◆ **PROBLEM REQUIREMENTS**: Exactly reproduce the lines of the listing below from the one containing "Silk Georgette Crepe" through the one containing "Coffee cup icon". Skip the images.

◆ **DATA SUPPLIED**:
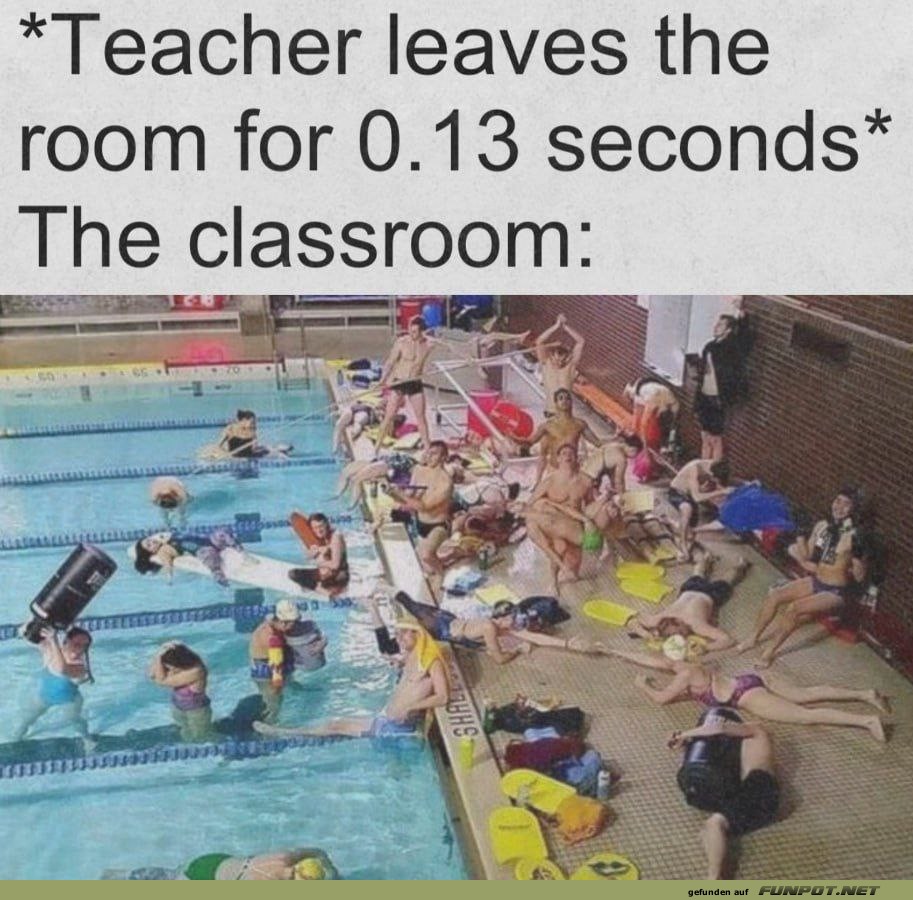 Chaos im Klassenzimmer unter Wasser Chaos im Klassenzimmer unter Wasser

--

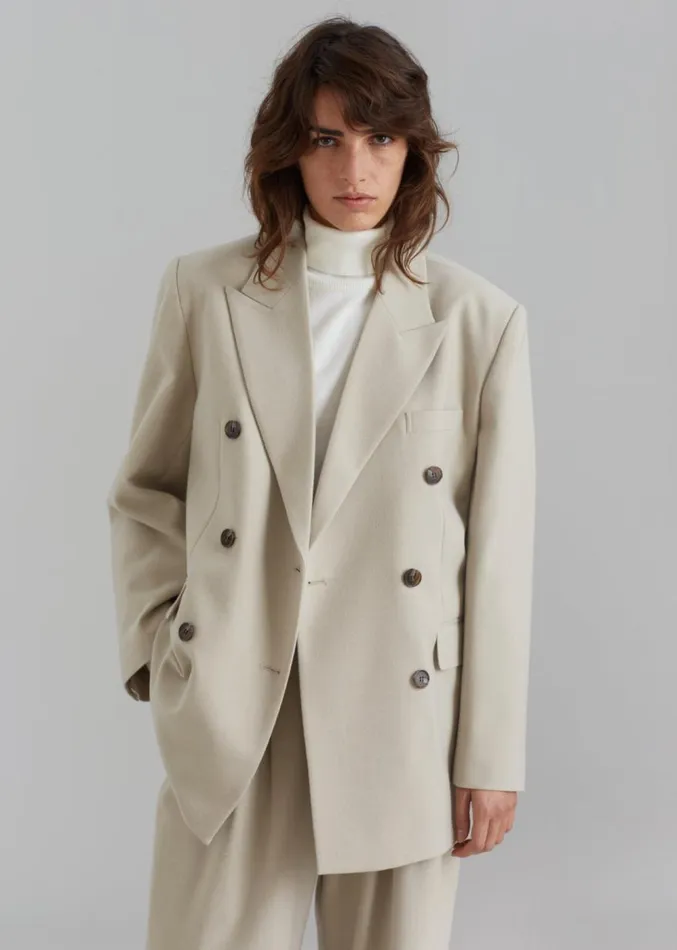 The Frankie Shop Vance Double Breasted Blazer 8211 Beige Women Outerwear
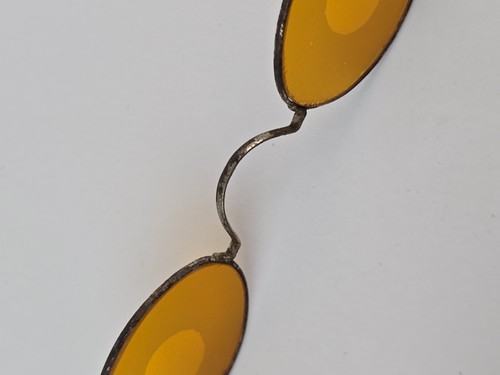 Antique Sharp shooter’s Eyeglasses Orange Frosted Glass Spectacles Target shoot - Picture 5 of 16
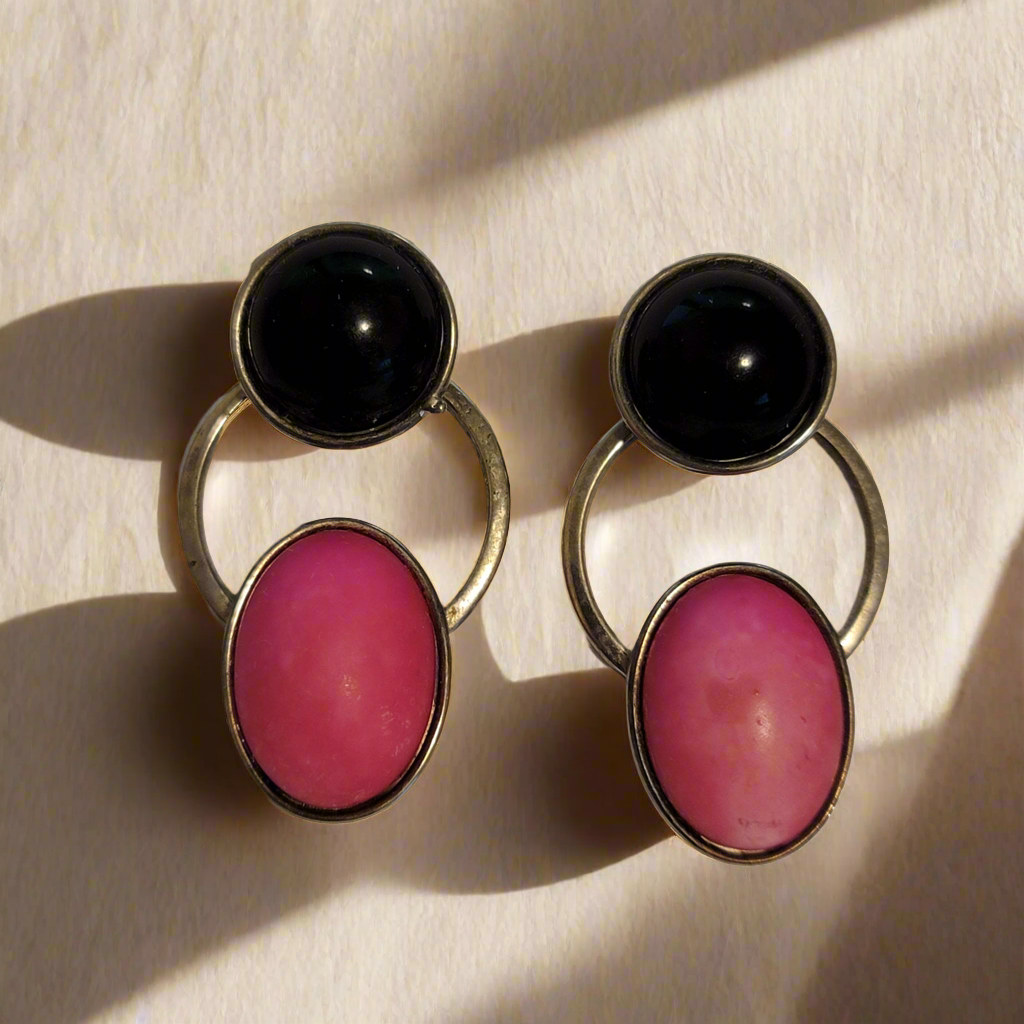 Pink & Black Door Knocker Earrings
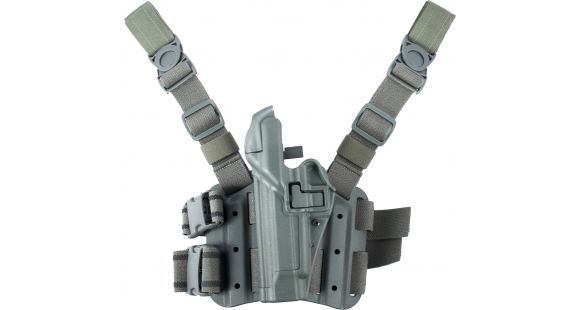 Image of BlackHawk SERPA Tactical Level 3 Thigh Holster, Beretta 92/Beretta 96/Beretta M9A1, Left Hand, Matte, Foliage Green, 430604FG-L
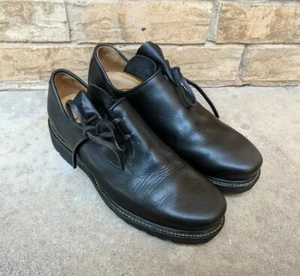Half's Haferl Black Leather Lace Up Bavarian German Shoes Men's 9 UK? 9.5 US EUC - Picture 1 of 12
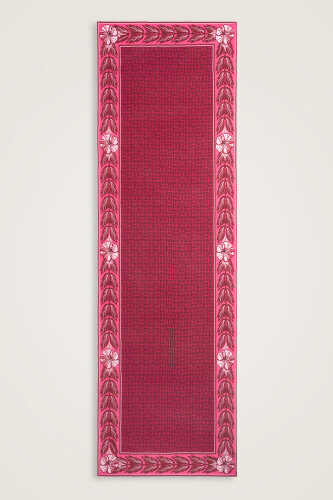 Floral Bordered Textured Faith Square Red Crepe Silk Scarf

...

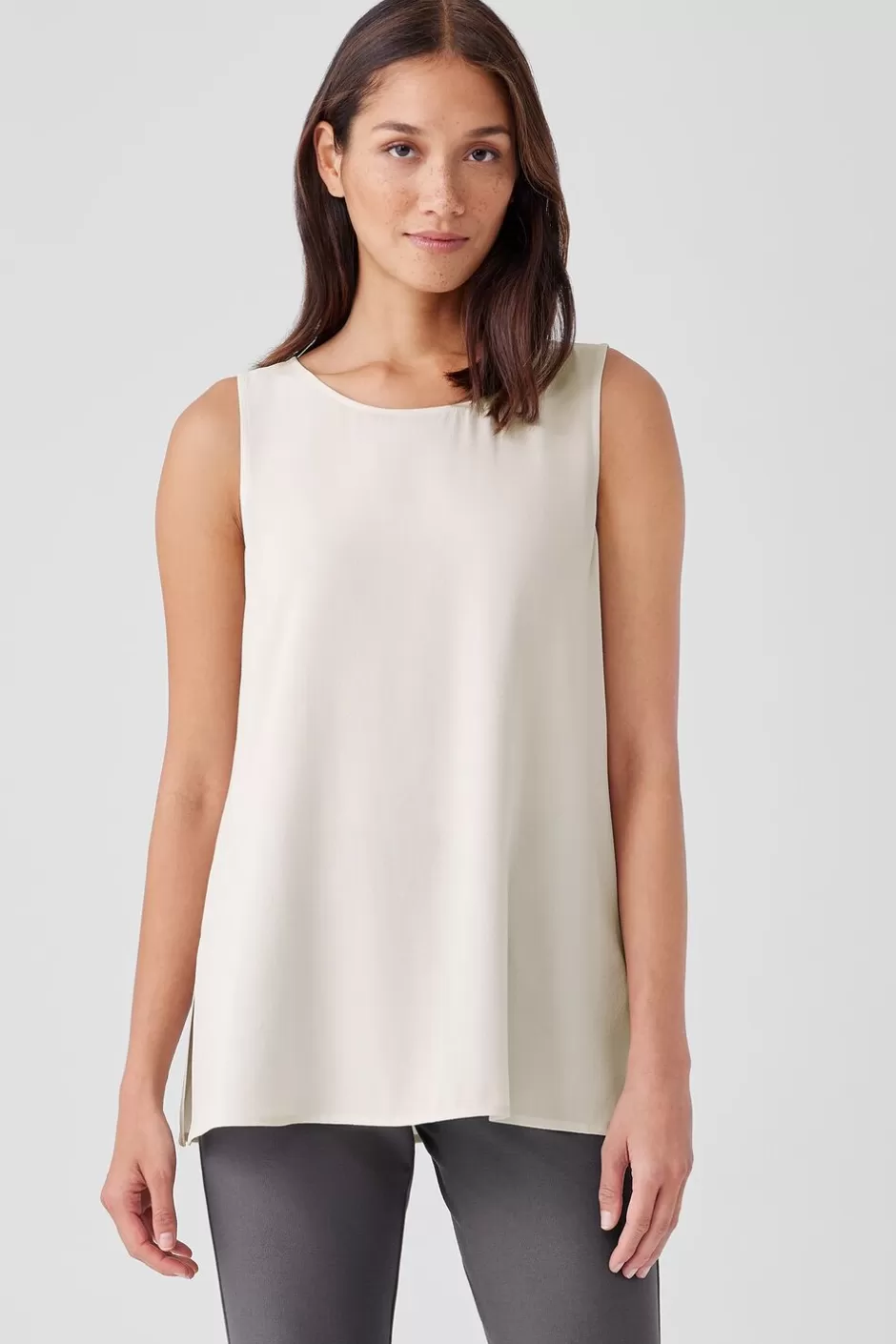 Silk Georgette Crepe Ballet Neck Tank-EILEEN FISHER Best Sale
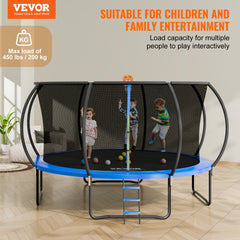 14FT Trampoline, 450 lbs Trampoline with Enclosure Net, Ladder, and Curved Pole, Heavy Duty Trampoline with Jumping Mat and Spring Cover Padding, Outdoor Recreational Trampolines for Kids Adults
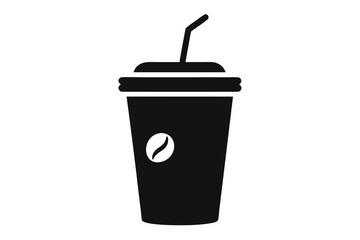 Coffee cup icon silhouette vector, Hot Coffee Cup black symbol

◆ **RESPONSE TO THE TASK**:
 Silk Georgette Crepe Ballet Neck Tank-EILEEN FISHER Best Sale
 14FT Trampoline, 450 lbs Trampoline with Enclosure Net, Ladder, and Curved Pole, Heavy Duty Trampoline with Jumping Mat and Spring Cover Padding, Outdoor Recreational Trampolines for Kids Adults
 Coffee cup icon silhouette vector, Hot Coffee Cup black symbol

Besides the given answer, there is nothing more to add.